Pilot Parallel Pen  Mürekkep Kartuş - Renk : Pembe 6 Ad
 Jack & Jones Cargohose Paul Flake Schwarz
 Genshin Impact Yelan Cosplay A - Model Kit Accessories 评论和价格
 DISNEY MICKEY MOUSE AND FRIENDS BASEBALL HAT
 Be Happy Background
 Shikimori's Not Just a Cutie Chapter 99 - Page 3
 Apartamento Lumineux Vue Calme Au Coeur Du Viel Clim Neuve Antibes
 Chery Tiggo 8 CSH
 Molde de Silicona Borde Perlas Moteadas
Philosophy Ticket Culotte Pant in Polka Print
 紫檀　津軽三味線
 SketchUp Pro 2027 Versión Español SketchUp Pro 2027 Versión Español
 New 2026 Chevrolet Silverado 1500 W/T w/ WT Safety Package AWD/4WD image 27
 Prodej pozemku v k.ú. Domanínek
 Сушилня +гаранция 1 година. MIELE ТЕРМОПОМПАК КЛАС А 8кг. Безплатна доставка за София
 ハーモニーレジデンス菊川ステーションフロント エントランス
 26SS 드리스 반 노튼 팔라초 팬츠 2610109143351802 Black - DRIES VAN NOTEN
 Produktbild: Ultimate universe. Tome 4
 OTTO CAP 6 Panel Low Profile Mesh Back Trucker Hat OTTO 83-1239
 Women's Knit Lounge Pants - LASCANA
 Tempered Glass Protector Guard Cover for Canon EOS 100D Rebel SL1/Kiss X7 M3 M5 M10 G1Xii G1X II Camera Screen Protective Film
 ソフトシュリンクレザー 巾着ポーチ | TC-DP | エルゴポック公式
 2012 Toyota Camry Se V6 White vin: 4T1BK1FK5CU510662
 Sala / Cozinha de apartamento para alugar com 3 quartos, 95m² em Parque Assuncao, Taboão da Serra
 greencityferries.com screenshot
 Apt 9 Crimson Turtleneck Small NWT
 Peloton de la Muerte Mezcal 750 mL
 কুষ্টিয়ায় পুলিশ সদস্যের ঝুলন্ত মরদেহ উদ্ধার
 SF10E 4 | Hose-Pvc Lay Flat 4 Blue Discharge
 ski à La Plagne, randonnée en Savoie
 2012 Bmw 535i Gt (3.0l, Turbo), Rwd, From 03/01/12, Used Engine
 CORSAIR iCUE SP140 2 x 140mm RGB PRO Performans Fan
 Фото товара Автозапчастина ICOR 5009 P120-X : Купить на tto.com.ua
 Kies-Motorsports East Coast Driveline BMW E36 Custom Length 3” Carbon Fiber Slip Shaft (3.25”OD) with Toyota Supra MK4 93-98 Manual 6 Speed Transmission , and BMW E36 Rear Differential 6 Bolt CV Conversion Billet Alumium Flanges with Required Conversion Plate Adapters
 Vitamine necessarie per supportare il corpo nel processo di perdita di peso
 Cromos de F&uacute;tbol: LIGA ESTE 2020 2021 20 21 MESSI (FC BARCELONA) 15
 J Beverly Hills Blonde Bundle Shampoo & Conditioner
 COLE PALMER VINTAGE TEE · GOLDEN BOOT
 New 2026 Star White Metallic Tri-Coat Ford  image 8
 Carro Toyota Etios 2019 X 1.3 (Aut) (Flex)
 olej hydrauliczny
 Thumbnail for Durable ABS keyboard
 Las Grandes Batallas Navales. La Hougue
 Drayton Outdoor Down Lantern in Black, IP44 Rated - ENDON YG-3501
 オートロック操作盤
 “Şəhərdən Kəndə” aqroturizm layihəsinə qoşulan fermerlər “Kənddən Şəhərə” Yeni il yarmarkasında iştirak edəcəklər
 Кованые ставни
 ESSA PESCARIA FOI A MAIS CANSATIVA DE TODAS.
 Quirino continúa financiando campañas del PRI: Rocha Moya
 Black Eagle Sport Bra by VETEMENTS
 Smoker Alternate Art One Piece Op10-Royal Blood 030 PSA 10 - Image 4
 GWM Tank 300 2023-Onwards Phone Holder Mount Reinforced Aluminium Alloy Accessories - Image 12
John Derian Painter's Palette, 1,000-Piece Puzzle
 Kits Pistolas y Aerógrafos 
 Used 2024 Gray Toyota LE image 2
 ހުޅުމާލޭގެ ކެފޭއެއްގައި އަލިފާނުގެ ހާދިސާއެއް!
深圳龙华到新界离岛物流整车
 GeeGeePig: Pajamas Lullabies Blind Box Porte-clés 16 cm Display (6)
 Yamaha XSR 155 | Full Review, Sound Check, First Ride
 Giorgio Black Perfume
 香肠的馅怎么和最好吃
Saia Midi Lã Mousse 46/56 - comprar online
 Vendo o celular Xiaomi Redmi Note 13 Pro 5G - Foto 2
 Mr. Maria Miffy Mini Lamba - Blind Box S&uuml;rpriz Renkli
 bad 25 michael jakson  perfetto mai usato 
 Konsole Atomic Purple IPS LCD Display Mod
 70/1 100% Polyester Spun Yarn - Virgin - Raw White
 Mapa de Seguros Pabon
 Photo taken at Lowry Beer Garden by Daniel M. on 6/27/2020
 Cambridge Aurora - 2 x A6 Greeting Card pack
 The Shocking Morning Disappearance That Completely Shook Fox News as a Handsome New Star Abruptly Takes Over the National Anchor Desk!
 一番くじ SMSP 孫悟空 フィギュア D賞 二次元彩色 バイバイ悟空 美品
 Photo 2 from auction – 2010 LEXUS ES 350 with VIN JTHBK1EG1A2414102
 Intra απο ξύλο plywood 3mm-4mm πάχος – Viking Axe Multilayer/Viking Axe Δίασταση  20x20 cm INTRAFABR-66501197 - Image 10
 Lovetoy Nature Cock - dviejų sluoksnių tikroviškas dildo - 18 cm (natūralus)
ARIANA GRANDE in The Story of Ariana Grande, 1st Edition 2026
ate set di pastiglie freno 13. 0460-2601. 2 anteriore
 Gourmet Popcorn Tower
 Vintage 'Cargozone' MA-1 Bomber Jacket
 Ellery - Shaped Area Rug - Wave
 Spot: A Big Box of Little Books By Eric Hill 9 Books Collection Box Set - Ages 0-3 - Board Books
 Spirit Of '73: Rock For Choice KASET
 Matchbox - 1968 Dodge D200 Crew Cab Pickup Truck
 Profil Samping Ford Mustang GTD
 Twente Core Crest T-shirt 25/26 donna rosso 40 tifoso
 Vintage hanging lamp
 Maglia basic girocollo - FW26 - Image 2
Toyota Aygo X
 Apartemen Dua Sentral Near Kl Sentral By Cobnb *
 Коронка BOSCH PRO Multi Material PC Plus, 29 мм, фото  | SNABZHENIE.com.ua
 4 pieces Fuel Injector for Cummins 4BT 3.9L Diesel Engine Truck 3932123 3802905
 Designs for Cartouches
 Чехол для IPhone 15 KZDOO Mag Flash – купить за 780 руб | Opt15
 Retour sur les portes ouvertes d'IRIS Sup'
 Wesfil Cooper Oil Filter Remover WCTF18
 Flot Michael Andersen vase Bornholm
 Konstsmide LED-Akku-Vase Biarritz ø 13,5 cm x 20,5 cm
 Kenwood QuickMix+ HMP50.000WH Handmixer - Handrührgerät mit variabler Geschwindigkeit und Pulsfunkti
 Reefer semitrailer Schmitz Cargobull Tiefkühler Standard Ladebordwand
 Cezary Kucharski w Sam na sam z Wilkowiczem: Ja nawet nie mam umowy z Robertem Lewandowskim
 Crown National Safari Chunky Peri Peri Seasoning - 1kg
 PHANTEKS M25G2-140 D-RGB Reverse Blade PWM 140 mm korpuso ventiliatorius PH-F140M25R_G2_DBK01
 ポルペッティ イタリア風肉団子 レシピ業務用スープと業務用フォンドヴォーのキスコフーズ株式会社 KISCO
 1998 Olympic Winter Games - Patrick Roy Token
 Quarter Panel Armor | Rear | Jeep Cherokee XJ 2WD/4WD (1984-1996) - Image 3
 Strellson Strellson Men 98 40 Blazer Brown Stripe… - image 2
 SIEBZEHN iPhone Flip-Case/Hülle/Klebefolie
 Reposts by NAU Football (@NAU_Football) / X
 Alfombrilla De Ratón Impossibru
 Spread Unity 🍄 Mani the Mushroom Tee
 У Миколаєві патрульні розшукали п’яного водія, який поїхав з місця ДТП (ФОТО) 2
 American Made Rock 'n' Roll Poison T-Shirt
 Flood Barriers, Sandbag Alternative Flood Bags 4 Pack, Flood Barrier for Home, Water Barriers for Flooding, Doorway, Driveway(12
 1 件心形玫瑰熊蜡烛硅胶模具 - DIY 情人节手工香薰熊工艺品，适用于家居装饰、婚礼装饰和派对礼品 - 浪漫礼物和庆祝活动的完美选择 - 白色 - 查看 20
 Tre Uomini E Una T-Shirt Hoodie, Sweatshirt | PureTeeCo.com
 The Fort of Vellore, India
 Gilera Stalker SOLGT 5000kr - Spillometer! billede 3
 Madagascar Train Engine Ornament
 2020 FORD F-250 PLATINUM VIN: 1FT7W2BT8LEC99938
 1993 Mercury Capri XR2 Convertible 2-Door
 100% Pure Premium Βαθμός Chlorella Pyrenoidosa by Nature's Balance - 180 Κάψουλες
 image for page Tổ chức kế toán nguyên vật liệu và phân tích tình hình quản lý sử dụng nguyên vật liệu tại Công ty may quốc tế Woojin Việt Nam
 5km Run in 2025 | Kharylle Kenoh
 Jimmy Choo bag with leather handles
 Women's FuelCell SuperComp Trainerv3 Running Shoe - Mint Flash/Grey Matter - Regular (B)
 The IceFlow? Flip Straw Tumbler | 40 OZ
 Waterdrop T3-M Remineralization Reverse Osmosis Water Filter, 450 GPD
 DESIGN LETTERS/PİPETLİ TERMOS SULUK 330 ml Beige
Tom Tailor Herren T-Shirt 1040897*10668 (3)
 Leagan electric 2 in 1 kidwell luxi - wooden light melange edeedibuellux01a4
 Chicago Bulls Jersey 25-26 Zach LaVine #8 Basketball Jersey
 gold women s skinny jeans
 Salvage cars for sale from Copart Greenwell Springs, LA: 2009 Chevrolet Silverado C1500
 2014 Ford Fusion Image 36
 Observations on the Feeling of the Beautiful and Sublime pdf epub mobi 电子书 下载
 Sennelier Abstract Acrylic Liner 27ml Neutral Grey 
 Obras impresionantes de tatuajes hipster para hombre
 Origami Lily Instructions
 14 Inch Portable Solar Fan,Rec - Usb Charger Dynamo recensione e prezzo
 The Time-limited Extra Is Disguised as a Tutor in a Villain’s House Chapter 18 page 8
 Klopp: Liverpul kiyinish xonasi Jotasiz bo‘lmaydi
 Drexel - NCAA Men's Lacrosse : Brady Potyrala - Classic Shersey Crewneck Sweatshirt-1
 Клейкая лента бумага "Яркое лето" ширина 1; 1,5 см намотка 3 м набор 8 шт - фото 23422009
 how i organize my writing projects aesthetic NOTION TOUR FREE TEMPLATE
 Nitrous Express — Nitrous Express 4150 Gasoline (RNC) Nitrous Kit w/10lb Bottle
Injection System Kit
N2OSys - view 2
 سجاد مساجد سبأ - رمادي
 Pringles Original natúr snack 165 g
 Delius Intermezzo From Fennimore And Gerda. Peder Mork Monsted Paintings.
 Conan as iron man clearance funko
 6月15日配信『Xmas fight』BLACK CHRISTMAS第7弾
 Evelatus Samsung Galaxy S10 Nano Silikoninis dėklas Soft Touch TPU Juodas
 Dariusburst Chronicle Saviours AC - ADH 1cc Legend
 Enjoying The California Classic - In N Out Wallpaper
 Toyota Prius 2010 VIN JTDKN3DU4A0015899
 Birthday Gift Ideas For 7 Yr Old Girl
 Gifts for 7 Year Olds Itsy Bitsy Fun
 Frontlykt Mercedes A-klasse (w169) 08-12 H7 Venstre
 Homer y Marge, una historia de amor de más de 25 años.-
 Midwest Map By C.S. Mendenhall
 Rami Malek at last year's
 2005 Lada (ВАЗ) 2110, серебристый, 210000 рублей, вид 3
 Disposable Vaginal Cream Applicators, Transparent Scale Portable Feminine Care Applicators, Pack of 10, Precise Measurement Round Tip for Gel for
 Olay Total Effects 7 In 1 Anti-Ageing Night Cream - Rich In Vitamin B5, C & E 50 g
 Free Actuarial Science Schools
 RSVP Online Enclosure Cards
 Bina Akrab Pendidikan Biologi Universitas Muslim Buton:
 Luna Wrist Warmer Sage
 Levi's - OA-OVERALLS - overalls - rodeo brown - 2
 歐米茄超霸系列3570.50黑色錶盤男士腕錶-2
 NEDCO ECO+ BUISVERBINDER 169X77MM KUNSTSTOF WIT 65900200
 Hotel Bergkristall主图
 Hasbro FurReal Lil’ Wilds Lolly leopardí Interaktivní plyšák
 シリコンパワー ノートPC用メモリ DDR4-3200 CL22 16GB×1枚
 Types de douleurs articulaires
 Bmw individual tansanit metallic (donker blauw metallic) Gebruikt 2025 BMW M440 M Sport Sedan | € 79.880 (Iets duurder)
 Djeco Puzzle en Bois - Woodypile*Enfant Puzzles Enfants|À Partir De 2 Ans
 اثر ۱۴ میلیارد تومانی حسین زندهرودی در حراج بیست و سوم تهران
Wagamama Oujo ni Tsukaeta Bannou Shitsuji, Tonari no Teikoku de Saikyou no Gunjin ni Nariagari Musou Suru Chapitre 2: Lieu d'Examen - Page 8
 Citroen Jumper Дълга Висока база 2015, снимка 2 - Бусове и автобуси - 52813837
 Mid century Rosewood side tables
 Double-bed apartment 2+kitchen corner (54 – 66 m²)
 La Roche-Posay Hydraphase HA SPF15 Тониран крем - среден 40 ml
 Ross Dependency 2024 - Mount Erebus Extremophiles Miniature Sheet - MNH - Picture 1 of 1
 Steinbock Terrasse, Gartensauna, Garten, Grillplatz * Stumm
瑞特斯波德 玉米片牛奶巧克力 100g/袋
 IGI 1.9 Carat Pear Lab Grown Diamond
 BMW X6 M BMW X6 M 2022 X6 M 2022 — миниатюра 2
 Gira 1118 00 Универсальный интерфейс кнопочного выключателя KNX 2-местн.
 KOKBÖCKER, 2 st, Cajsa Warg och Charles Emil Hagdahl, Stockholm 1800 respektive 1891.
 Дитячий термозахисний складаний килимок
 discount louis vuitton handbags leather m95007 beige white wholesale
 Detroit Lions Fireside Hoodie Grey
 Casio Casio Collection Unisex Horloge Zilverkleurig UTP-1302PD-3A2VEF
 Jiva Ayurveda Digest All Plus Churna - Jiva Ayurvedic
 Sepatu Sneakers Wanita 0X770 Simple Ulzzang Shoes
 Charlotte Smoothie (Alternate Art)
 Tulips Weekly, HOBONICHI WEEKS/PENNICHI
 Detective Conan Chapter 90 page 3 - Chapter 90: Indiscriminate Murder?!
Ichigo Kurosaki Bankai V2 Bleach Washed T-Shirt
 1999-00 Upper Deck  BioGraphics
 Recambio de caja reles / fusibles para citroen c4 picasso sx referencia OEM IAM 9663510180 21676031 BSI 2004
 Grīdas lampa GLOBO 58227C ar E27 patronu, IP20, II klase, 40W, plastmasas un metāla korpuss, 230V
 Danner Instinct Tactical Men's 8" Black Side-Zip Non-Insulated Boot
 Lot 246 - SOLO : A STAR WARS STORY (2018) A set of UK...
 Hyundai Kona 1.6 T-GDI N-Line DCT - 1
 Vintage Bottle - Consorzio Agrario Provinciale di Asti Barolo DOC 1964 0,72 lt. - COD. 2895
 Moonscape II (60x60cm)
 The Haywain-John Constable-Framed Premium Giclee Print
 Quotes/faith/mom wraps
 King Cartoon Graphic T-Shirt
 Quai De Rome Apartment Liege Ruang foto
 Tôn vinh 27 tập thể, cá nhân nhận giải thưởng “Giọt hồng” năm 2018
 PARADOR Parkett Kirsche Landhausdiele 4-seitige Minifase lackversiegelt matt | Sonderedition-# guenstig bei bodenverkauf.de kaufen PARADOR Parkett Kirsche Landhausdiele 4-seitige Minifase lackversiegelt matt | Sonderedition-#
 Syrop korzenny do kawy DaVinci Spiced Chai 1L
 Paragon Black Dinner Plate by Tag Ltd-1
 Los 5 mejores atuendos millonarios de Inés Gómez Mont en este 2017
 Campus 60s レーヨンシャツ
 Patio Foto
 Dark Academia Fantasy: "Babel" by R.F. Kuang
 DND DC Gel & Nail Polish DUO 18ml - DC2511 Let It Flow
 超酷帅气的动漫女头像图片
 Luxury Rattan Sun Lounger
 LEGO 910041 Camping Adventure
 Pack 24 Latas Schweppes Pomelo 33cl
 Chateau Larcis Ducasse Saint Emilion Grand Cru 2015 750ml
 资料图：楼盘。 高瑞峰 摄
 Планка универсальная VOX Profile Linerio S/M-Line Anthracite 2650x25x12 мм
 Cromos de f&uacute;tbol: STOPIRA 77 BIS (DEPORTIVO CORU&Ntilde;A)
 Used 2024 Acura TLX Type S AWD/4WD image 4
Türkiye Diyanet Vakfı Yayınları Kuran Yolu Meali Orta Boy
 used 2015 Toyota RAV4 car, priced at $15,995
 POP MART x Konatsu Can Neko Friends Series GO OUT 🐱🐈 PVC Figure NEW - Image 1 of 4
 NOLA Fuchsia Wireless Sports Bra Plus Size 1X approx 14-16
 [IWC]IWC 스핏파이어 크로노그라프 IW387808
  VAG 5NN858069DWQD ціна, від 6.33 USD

* PROMPT: Please return each line of the listing above that contains "Classic".

* EXERCISE RESPONSE:
 Drexel - NCAA Men's Lacrosse : Brady Potyrala - Classic Shersey Crewneck Sweatshirt-1
 Enjoying The California Classic - In N Out Wallpaper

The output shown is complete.